Graduation Year

2021

Document Type

Dissertation

Degree

Ph.D.

Degree Name

Doctor of Philosophy (Ph.D.)

Degree Granting Department

English

Major Professor

Ylce Irizarry, Ph.D.

Committee Member

Kristin Allukian, Ph.D.

Committee Member

Gurleen Grewal, Ph.D.

Committee Member

Kersuze Simeon-Jones, Ph.D.

Keywords

Francophone fiction, Geocriticism, New Orleans writers, place studies, Romanticism

Abstract

Although New Orleans joined the United States following the Louisiana Purchase, the city’s French colonial period continued to influence New Orleanians. The lives and writing of nineteenth century New Orleans gens de couleur libres, free people of color, document continued exchanges with France and the Caribbean despite the city’s increasing Americanization. Drawing from Westphal’s theoretical work on geocriticism, Intersections of Race and Place in Short Fiction by New Orleans Gens de Couleur Libres locates sites of transgressivity and their representations in writers Michel Séligny, Adolphe Duhart, and Victor Séjour’s French language short stories. Chapter One examines New Orleans’s historical and literary connections with France. After describing nineteenth century New Orleans’s historical French influences, particularly a tripartite racial system, French language use and education, and continued movement between France and New Orleans, the chapter presents models of French Romantic fiction through analysis of two French novels set in the Americas: Victor Hugo’s Bug-Jargal and Gustave de Beaumont’s Marie, ou L’esclavage aux États-Unis: Tableau de mœurs américaines.
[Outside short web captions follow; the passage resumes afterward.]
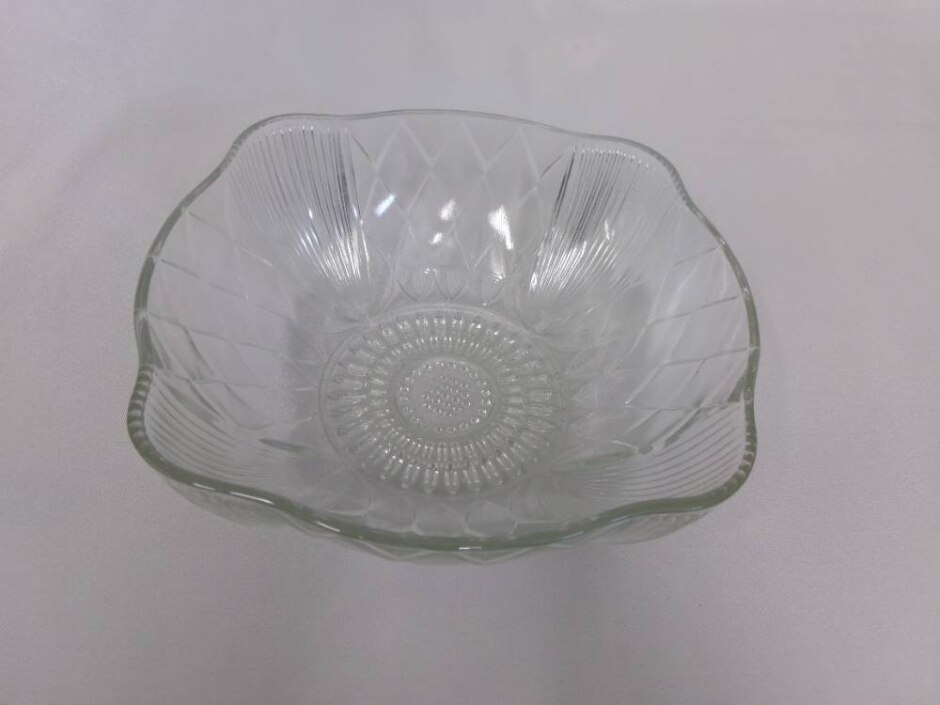 Art Deco Glass Serving Bowl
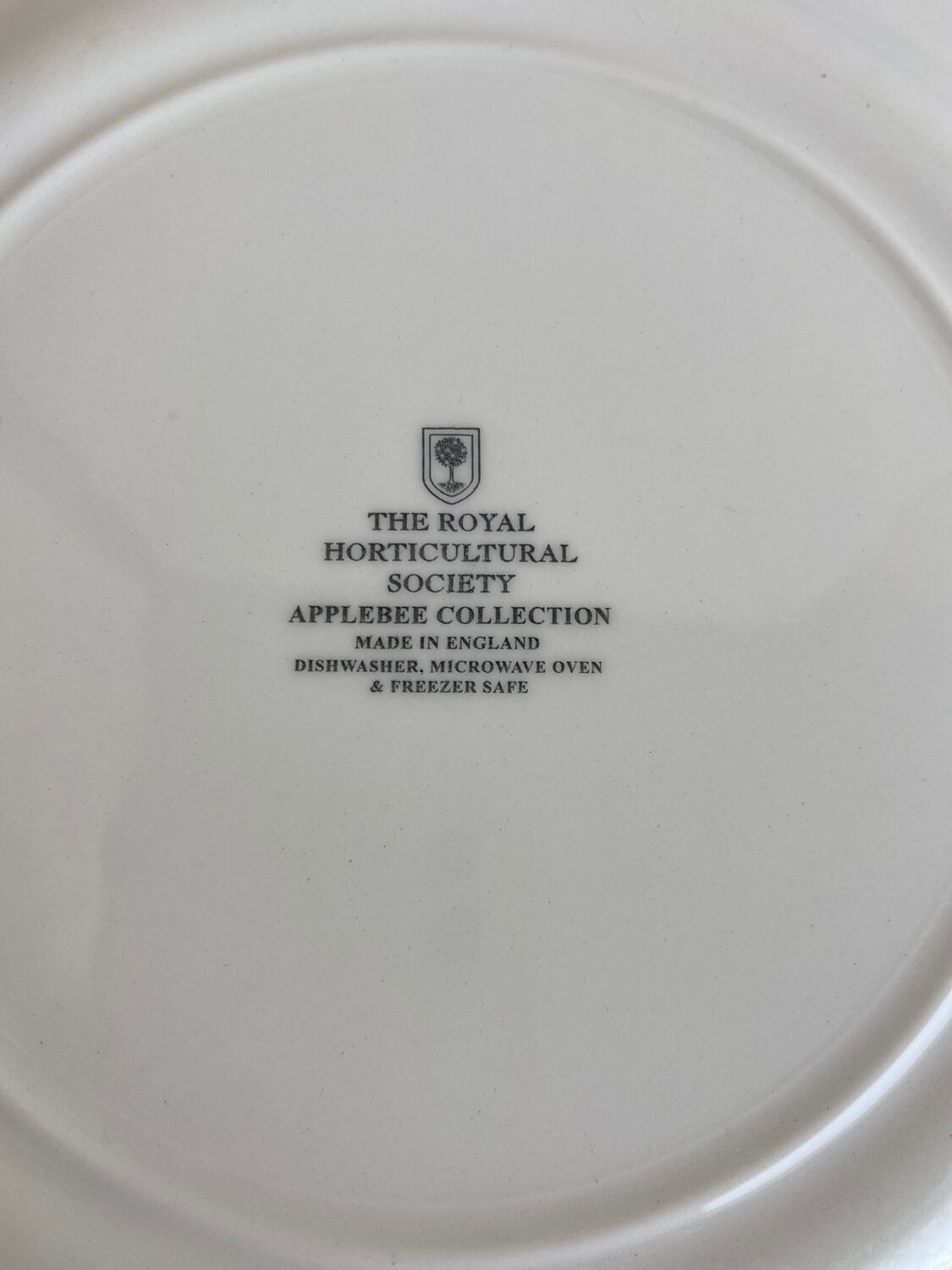 English porcelain plates
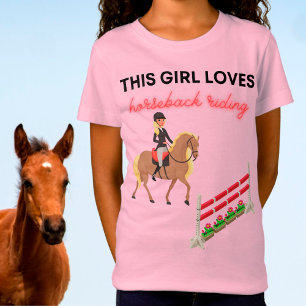 Dieses Girl Lieben Reiten T-Shirt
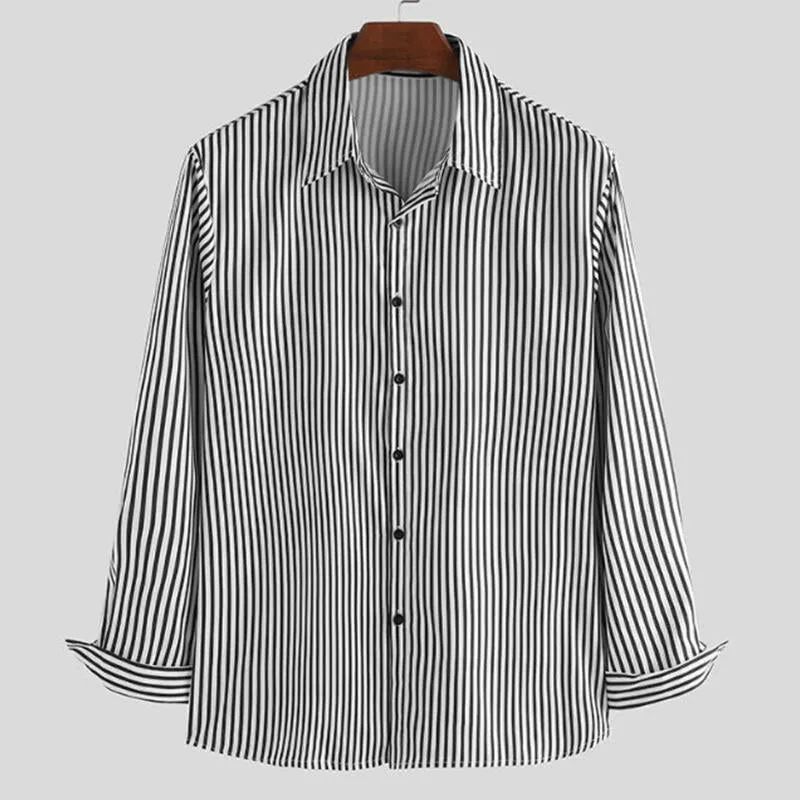Men's Casual Striped Long Sleeve Shirt 62082986M sold by Manly product image thumbnail 5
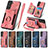 Coque Silicone Gel Motif Cuir Housse Etui SD1 pour Samsung Galaxy S21 FE 5G Petit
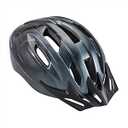 Schwinn Intercept Helmet for Adults, Black, Size 58 - 62 cm for Riders Ages 14+, Lightweight Microshell, Adjustable Dial and Straps, Interior Padding, 10 Air Vents, Removable Visor, Adult Bike Helmet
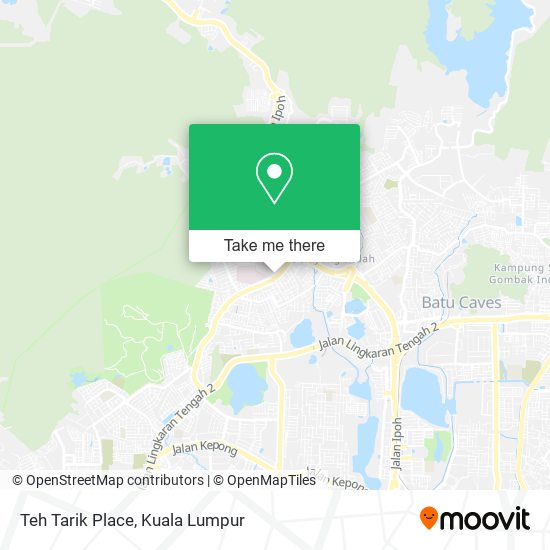 Teh Tarik Place map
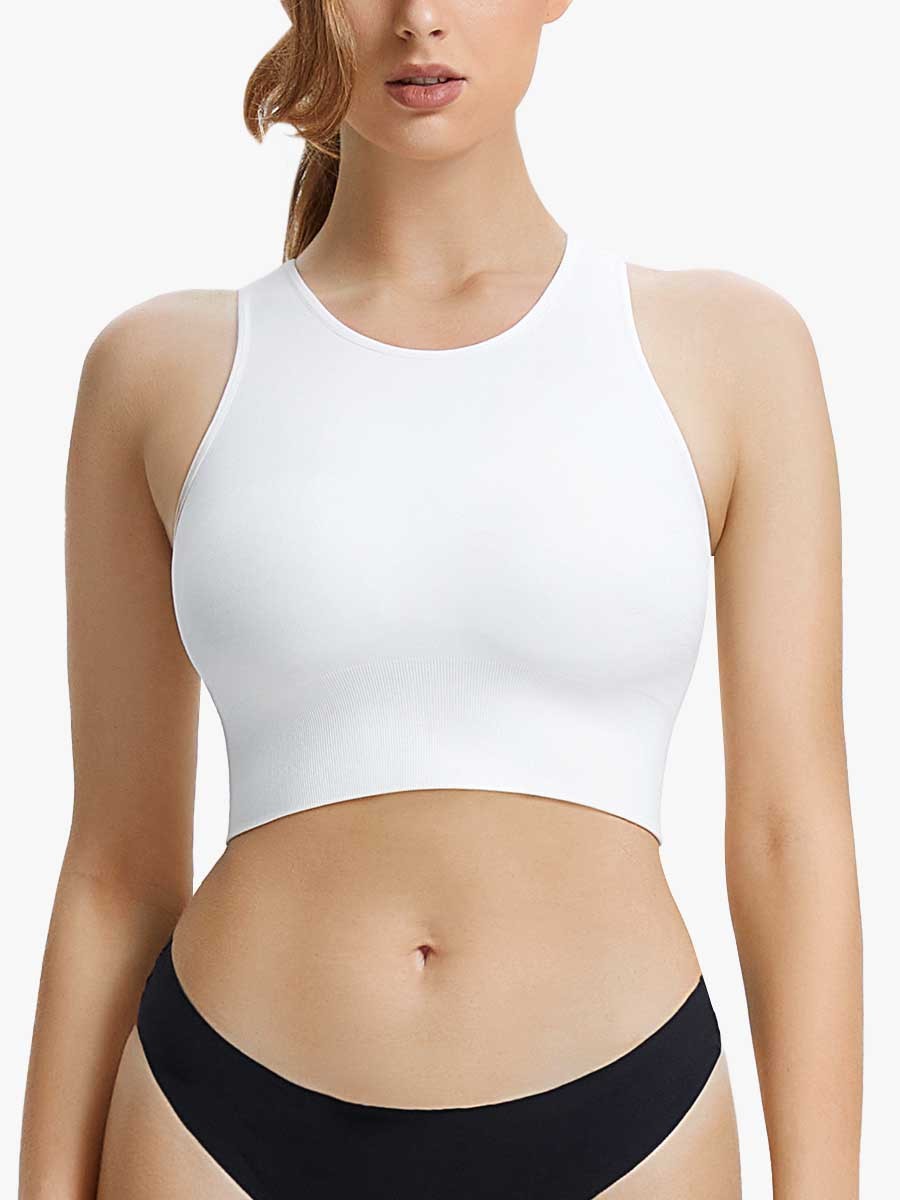 Ribbed Comfort Cropped Tank -Brabic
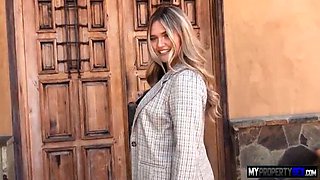 Big Tit Realtor Angie Faith Offers Great Property Deals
This chapter then identifies representations of France and French Romanticism in Séligny’s “Marie” and Duhart’s “Trois Amours.” New Orleans’s gens de couleur libres population was also linked to Haiti through French colonial experience and immigration. The second chapter traces Haiti’s colonial past and the shifts in population that followed the Haitian Revolution. Analysis of nineteenth century Haitian writers Ignace Nau’s short stories and Émeric Bergeaud’s novel Stella reveals a focus on Haiti’s revolutionary past and the Haitian people. This dissertation then considers the role of Saint Domingue/Haiti and Haitian literary traits in Séjour’s “Le Mulâtre” and Duhart’s “Simple Histoire.” Nineteenth century New Orleans short fiction by gens de couleur libres writers demonstrates transnational literary connections with France and Haiti that resist the newly American city’s changing culture, racial binary and English language.